══ LISTED ENTRIES

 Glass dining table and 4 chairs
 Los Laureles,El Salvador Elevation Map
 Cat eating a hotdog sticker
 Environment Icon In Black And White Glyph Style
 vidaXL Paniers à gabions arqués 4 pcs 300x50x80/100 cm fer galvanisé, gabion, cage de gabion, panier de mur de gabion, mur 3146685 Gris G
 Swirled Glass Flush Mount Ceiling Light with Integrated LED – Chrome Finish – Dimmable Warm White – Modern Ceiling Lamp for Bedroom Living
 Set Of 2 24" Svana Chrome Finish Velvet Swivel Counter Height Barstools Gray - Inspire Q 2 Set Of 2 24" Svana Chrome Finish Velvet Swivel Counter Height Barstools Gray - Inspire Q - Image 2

════
══ LISTED ENTRIES

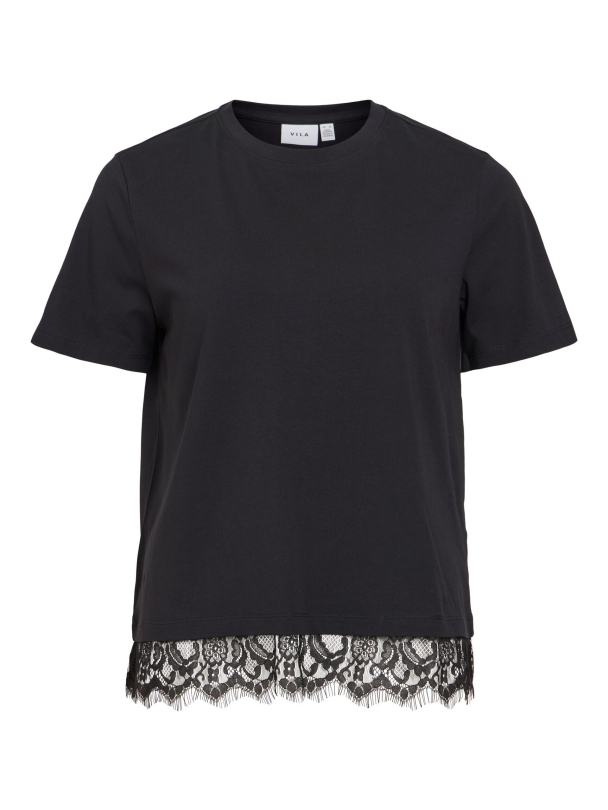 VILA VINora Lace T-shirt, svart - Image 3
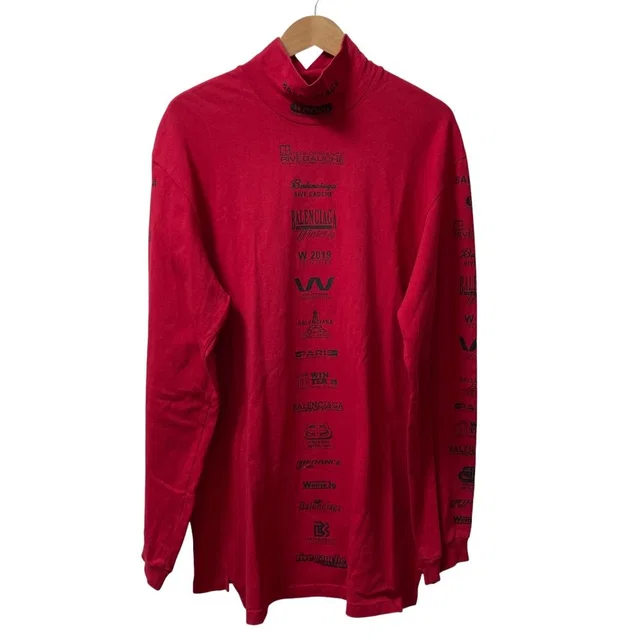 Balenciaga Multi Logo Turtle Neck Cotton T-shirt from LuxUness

════
══ LISTED ENTRIES

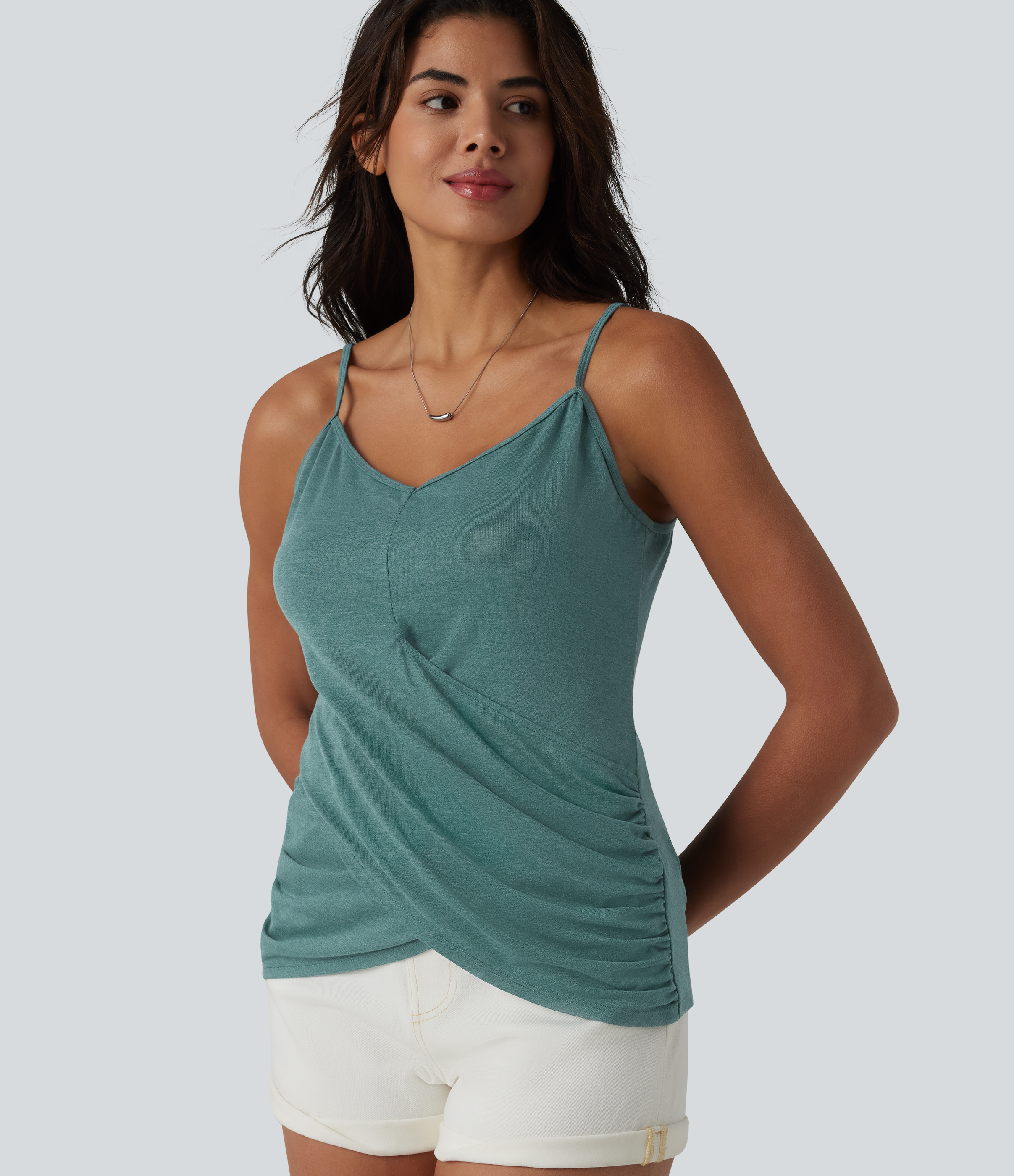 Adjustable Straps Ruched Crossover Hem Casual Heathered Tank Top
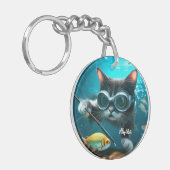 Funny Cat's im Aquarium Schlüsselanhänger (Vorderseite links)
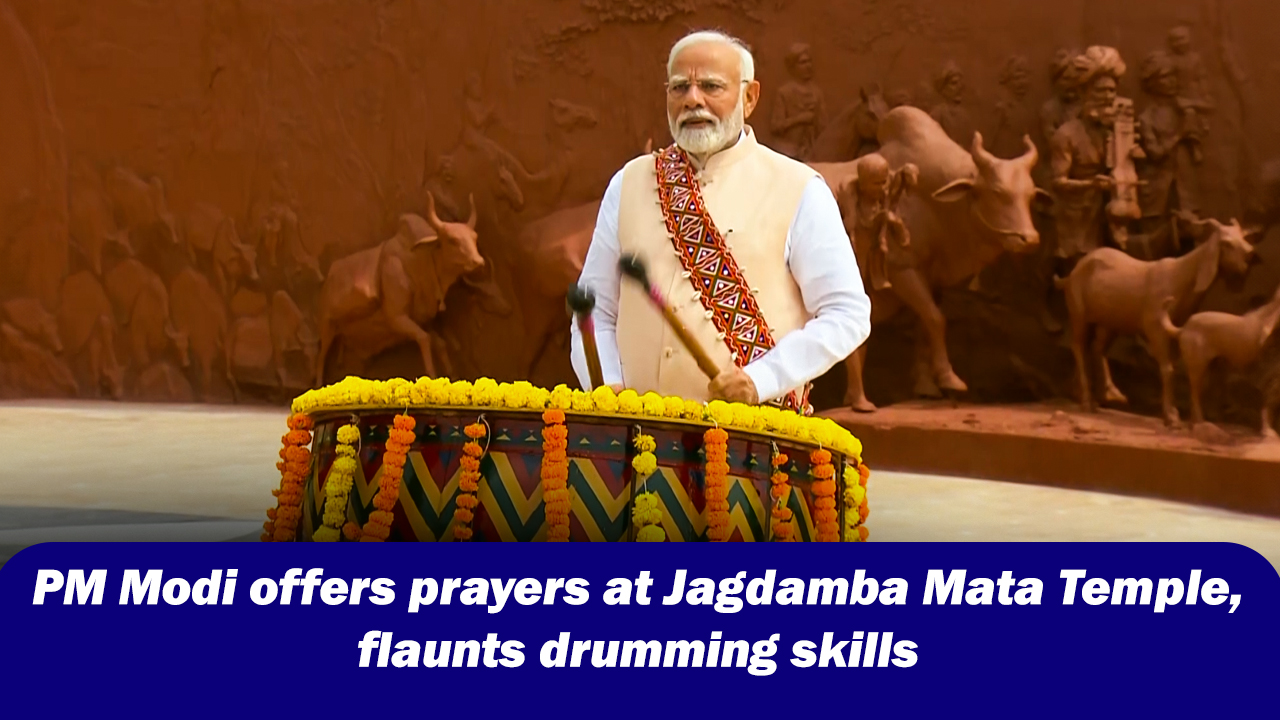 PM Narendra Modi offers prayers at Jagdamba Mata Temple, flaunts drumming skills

════

• [TASK PROMPT]: Pictures excluded, give again exactly and only the lines of the material above from the line with "Adjustable Straps Ruched" through the line with "PM Narendra Modi".

• [WORKED SOLUTION]:
 Adjustable Straps Ruched Crossover Hem Casual Heathered Tank Top
 Funny Cat's im Aquarium Schlüsselanhänger (Vorderseite links)
 PM Narendra Modi offers prayers at Jagdamba Mata Temple, flaunts drumming skills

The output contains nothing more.